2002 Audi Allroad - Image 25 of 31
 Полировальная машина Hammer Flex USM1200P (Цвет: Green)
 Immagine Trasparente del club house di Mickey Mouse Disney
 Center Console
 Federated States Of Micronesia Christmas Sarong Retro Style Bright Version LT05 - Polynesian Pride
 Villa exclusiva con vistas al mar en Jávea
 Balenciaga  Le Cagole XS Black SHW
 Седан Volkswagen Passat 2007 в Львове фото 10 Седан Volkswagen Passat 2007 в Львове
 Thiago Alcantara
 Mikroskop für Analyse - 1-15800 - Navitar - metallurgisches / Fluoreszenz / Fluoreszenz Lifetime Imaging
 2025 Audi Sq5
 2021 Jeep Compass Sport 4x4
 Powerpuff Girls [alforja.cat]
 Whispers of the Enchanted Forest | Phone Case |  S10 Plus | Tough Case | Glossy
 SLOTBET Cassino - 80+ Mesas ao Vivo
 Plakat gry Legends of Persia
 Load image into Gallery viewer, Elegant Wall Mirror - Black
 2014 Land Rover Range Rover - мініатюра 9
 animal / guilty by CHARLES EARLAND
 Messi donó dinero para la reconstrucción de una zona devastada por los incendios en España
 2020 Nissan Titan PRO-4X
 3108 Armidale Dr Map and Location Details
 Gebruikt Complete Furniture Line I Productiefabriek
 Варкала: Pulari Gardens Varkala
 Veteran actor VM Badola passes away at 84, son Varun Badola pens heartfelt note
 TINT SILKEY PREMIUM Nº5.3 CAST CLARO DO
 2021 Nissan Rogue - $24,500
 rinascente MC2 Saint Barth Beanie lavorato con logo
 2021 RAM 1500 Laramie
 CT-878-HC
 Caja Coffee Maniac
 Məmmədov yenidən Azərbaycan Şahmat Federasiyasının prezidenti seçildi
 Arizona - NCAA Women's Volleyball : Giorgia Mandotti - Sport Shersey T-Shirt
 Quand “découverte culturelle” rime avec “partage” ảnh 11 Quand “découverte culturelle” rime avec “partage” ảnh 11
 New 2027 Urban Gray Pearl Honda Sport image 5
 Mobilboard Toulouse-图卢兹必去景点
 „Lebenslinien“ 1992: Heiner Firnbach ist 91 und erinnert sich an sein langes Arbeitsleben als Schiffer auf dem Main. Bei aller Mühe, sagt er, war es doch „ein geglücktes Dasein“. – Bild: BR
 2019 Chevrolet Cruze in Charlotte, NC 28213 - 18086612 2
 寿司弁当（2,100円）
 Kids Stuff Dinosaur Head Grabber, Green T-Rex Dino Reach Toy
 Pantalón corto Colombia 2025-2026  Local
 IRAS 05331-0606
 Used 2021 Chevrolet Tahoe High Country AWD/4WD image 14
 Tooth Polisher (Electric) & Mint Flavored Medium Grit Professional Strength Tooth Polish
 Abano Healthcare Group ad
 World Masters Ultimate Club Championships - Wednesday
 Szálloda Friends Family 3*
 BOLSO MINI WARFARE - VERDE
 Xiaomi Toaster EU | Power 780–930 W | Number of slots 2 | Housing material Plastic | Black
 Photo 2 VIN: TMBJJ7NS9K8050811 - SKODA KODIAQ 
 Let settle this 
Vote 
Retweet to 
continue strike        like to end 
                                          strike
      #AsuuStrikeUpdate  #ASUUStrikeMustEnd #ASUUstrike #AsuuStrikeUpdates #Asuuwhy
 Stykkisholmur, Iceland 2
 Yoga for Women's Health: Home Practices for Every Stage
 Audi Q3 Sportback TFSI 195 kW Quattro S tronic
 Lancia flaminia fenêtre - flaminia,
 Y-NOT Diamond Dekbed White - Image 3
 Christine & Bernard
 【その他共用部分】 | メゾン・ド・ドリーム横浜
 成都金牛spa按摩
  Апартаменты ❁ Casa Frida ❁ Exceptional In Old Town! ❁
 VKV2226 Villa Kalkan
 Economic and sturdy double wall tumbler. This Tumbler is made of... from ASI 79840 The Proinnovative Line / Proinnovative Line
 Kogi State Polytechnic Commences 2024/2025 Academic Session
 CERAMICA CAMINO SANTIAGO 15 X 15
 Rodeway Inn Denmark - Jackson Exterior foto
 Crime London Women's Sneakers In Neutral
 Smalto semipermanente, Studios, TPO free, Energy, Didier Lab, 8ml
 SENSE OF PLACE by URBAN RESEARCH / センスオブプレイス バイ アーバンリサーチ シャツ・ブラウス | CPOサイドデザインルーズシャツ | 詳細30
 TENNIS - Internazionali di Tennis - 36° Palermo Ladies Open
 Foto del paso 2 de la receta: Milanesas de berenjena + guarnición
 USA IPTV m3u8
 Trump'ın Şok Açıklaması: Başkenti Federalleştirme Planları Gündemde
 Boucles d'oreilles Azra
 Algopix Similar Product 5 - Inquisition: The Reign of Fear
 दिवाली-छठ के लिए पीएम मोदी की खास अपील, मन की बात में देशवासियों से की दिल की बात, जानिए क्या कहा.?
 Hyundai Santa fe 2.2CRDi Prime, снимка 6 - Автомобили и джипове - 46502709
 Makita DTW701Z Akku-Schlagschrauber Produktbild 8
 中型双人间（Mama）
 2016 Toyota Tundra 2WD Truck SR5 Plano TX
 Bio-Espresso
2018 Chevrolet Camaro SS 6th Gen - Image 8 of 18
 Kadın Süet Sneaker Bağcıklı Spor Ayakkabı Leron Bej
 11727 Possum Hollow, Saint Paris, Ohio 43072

━━━━━━━━━━

- _PROBLEM_
Repeat the whole listing above without any change.

- _EXERCISE RESULT_
2002 Audi Allroad - Image 25 of 31
 Полировальная машина Hammer Flex USM1200P (Цвет: Green)
 Immagine Trasparente del club house di Mickey Mouse Disney
 Center Console
 Federated States Of Micronesia Christmas Sarong Retro Style Bright Version LT05 - Polynesian Pride
 Villa exclusiva con vistas al mar en Jávea
 Balenciaga  Le Cagole XS Black SHW
 Седан Volkswagen Passat 2007 в Львове фото 10 Седан Volkswagen Passat 2007 в Львове
 Thiago Alcantara
 Mikroskop für Analyse - 1-15800 - Navitar - metallurgisches / Fluoreszenz / Fluoreszenz Lifetime Imaging
 2025 Audi Sq5
 2021 Jeep Compass Sport 4x4
 Powerpuff Girls [alforja.cat]
 Whispers of the Enchanted Forest | Phone Case |  S10 Plus | Tough Case | Glossy
 SLOTBET Cassino - 80+ Mesas ao Vivo
 Plakat gry Legends of Persia
 Load image into Gallery viewer, Elegant Wall Mirror - Black
 2014 Land Rover Range Rover - мініатюра 9
 animal / guilty by CHARLES EARLAND
 Messi donó dinero para la reconstrucción de una zona devastada por los incendios en España
 2020 Nissan Titan PRO-4X
 3108 Armidale Dr Map and Location Details
 Gebruikt Complete Furniture Line I Productiefabriek
 Варкала: Pulari Gardens Varkala
 Veteran actor VM Badola passes away at 84, son Varun Badola pens heartfelt note
 TINT SILKEY PREMIUM Nº5.3 CAST CLARO DO
 2021 Nissan Rogue - $24,500
 rinascente MC2 Saint Barth Beanie lavorato con logo
 2021 RAM 1500 Laramie
 CT-878-HC
 Caja Coffee Maniac
 Məmmədov yenidən Azərbaycan Şahmat Federasiyasının prezidenti seçildi
 Arizona - NCAA Women's Volleyball : Giorgia Mandotti - Sport Shersey T-Shirt
 Quand “découverte culturelle” rime avec “partage” ảnh 11 Quand “découverte culturelle” rime avec “partage” ảnh 11
 New 2027 Urban Gray Pearl Honda Sport image 5
 Mobilboard Toulouse-图卢兹必去景点
 „Lebenslinien“ 1992: Heiner Firnbach ist 91 und erinnert sich an sein langes Arbeitsleben als Schiffer auf dem Main. Bei aller Mühe, sagt er, war es doch „ein geglücktes Dasein“. – Bild: BR
 2019 Chevrolet Cruze in Charlotte, NC 28213 - 18086612 2
 寿司弁当（2,100円）
 Kids Stuff Dinosaur Head Grabber, Green T-Rex Dino Reach Toy
 Pantalón corto Colombia 2025-2026  Local
 IRAS 05331-0606
 Used 2021 Chevrolet Tahoe High Country AWD/4WD image 14
 Tooth Polisher (Electric) & Mint Flavored Medium Grit Professional Strength Tooth Polish
 Abano Healthcare Group ad
 World Masters Ultimate Club Championships - Wednesday
 Szálloda Friends Family 3*
 BOLSO MINI WARFARE - VERDE
 Xiaomi Toaster EU | Power 780–930 W | Number of slots 2 | Housing material Plastic | Black
 Photo 2 VIN: TMBJJ7NS9K8050811 - SKODA KODIAQ 
 Let settle this 
Vote 
Retweet to 
continue strike        like to end 
                                          strike
      #AsuuStrikeUpdate  #ASUUStrikeMustEnd #ASUUstrike #AsuuStrikeUpdates #Asuuwhy
 Stykkisholmur, Iceland 2
 Yoga for Women's Health: Home Practices for Every Stage
 Audi Q3 Sportback TFSI 195 kW Quattro S tronic
 Lancia flaminia fenêtre - flaminia,
 Y-NOT Diamond Dekbed White - Image 3
 Christine & Bernard
 【その他共用部分】 | メゾン・ド・ドリーム横浜
 成都金牛spa按摩
  Апартаменты ❁ Casa Frida ❁ Exceptional In Old Town! ❁
 VKV2226 Villa Kalkan
 Economic and sturdy double wall tumbler. This Tumbler is made of... from ASI 79840 The Proinnovative Line / Proinnovative Line
 Kogi State Polytechnic Commences 2024/2025 Academic Session
 CERAMICA CAMINO SANTIAGO 15 X 15
 Rodeway Inn Denmark - Jackson Exterior foto
 Crime London Women's Sneakers In Neutral
 Smalto semipermanente, Studios, TPO free, Energy, Didier Lab, 8ml
 SENSE OF PLACE by URBAN RESEARCH / センスオブプレイス バイ アーバンリサーチ シャツ・ブラウス | CPOサイドデザインルーズシャツ | 詳細30
 TENNIS - Internazionali di Tennis - 36° Palermo Ladies Open
 Foto del paso 2 de la receta: Milanesas de berenjena + guarnición
 USA IPTV m3u8
 Trump'ın Şok Açıklaması: Başkenti Federalleştirme Planları Gündemde
 Boucles d'oreilles Azra
 Algopix Similar Product 5 - Inquisition: The Reign of Fear
 दिवाली-छठ के लिए पीएम मोदी की खास अपील, मन की बात में देशवासियों से की दिल की बात, जानिए क्या कहा.?
 Hyundai Santa fe 2.2CRDi Prime, снимка 6 - Автомобили и джипове - 46502709
 Makita DTW701Z Akku-Schlagschrauber Produktbild 8
 中型双人间（Mama）
 2016 Toyota Tundra 2WD Truck SR5 Plano TX
 Bio-Espresso
2018 Chevrolet Camaro SS 6th Gen - Image 8 of 18
 Kadın Süet Sneaker Bağcıklı Spor Ayakkabı Leron Bej
 11727 Possum Hollow, Saint Paris, Ohio 43072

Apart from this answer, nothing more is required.